La rebelle masquée

11 minutes de lecture

Une nuit ordinaire. L’insaisissable voûte écrasait une cité déjà opprimée. De scintillantes étoiles constellaient cette étendue noire et de minces rayons lumineux parvenaient à se faufiler par-delà cette obscurité latente. Ces astres apportaient un net contraste avec l’atmosphère glaçante, tout en se diffusant jusqu’aux faubourgs. Se révélaient alors des établissements enténébrés, où un vacarme permanent détonnait dans le silence du quartier. Des repères d’asservissement.

Une flûte trônait sur l’embrasure de la chambre, entourée de gouttes de cire fondue. Chandelle au poing, une jeune femme examinait pensivement son instrument de musique. Comme chaque soirée, son devoir lui imposait de divertir une foule déplaisante. Songer à cette perspective la clouait sur le plancher pendant que sa source de lumière dépérissait. Lusha se réfugia dans la contemplation du ciel bien qu’une main amicale se posât sur son épaule. Elle enviait le monde extérieur, au-delà de sa prison de pierre où aucun espoir de fuite n’était envisageable. Cette ville la ceignait, tout comme son corset blanc en cuir lacé. La barde se nippait avec élégance parce que ses persécuteurs lui y obligeaient. Parfumée et bien chaussée, ses mèches dorées s’accordaient à ses yeux ambre. Mais les apparences dissimulaient une musicienne tourmentée et assujettie, prête à tout pour goûter à une liberté jamais connue.

Son meilleur ami optait pour d’autres méthodes. Hésitant, Fleid porta sa main à son menton glabre avant de la ramener à son luth. Grâce à sa veste croisée grise et son pantalon bouffant, il ne souffrait pas du froid, mais il réprimait quand même des frissonnements.

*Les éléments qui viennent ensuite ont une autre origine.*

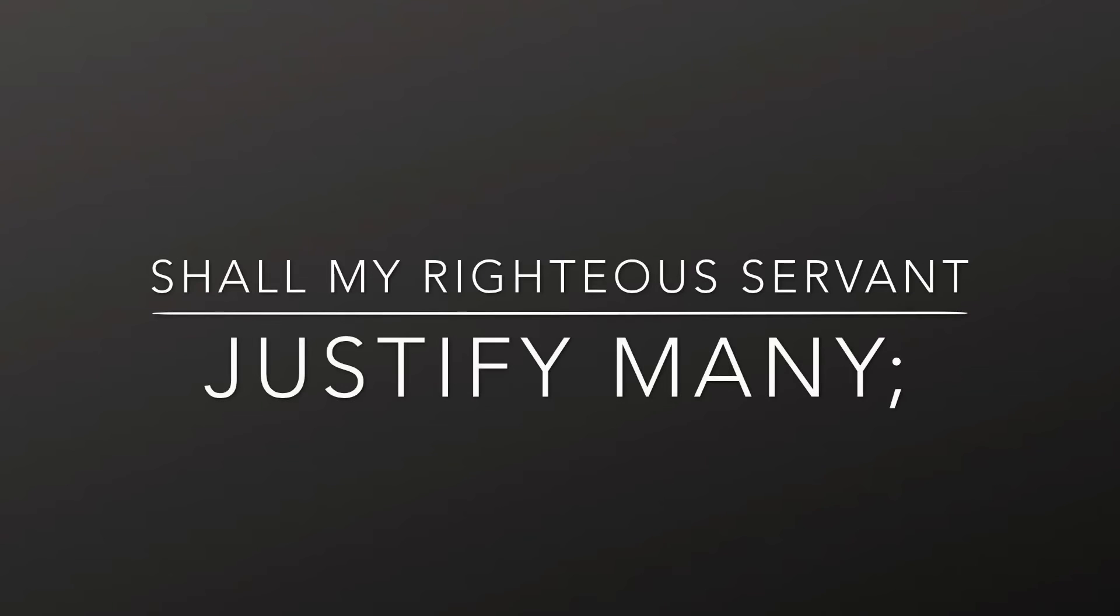He shall see of the travail of his soul, and shall be satisfied. By his knowledge shall my righteous servant justify many, for he shall bear their iniquities.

Adapté à son accoutrement, le jeune artiste arborait des cheveux bruns assez lisses s’alliant à merveille avec son nez busqué et ses hautes pommettes. Outre ses aptitudes à la musique, on l’avait désigné pour son apparence. Des obligations découlaient la nécessité : Fleid avait fait contre mauvaise fortune bon cœur.

Lusha et Fleid s’alliaient pour le divertissement au détriment de leur libre-arbitre. Face à face, ces deux ménestrels se complétaient. Que ce fût par leur jeunesse, leur minceur, leur petite taille, leurs traits propres, ils répondaient à tous les critères requis. Néanmoins, leur retard s’accumulait, vu que leur présence au sein de la grande salle était exigée à une heure précise. Malgré le froid, de la sueur perlait sur leur front.

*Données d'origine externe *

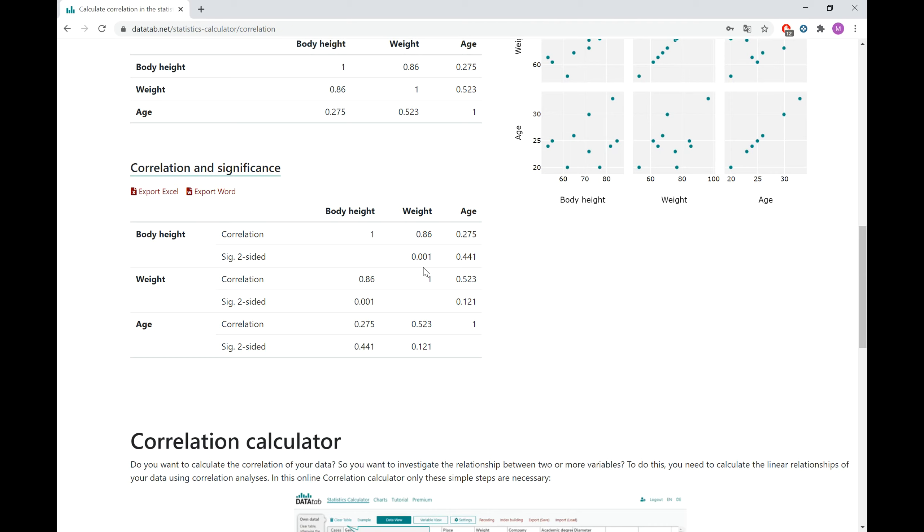That's it. I hope you like this easy way to calculate a correlation analysis online. And thank you very much for watching this video.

— À quoi bon continuer ? soupira Lusha. Rien ne nous sortira de notre condition.

— Ça nous permet de survivre ! rassura Fleid, le sourire gêné. Nous jouons pour eux, et en récompense, ils nous offrent de quoi manger et dormir. Tu sais ce que deviennent leurs opposants, n’est-ce pas ?

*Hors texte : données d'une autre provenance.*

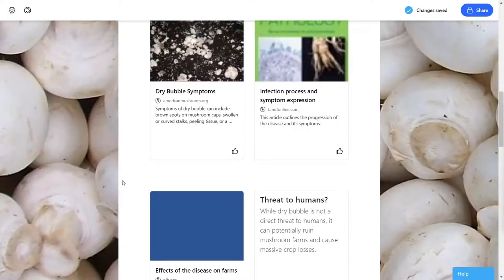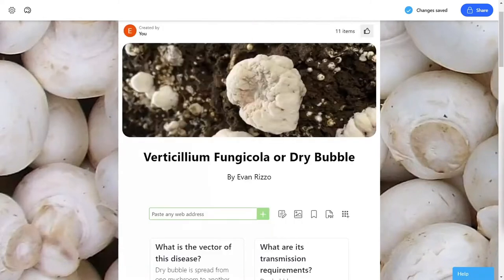Some interesting articles I found on this topic detail the symptoms and progression of the dry bubble disease, while another highlights a European research team's efforts to find a safe and organic treatment. Thank you for watching my short synopsis of my presentation on Verticillium fungicola. If you're interested in learning more, check out the whole presentation and the articles I used as sources for this project. Thanks again for watching!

La barde ravala sa salive alors que sa main affleurait sa flûte.

— Dis…, songea-t-elle. Selon toi, le monde extérieur ressemble à quoi ? Penses-tu que nous le verrons un jour ?

— Ne te berce pas d’illusions, dit son ami, les lèvres plissées. Nous sommes nés dans cette dictature et nous y mourrons. Tu sais, notre condition pourrait être pire. Certains citoyens sont torturés ou tués pour des simples erreurs. Tant que nous restons tranquilles, il ne nous arrivera rien.

— Ne me dis pas que tu y crois sérieusement ! Et Gadin, le fils de la boulangère, il avait mérité quoi pour se faire torturer en prison pendant trois jours ? Il avait juste oublié de saluer les gardes lors de leur passage ! Et ce n’est pas le premier à avoir subi leur cruauté.

— On ne peut rien y faire ! On ne peut qu’obéir… Allez, viens, nous devons descendre.

— Obéir, encore et toujours… Ce n’est pas une vie, Fleid…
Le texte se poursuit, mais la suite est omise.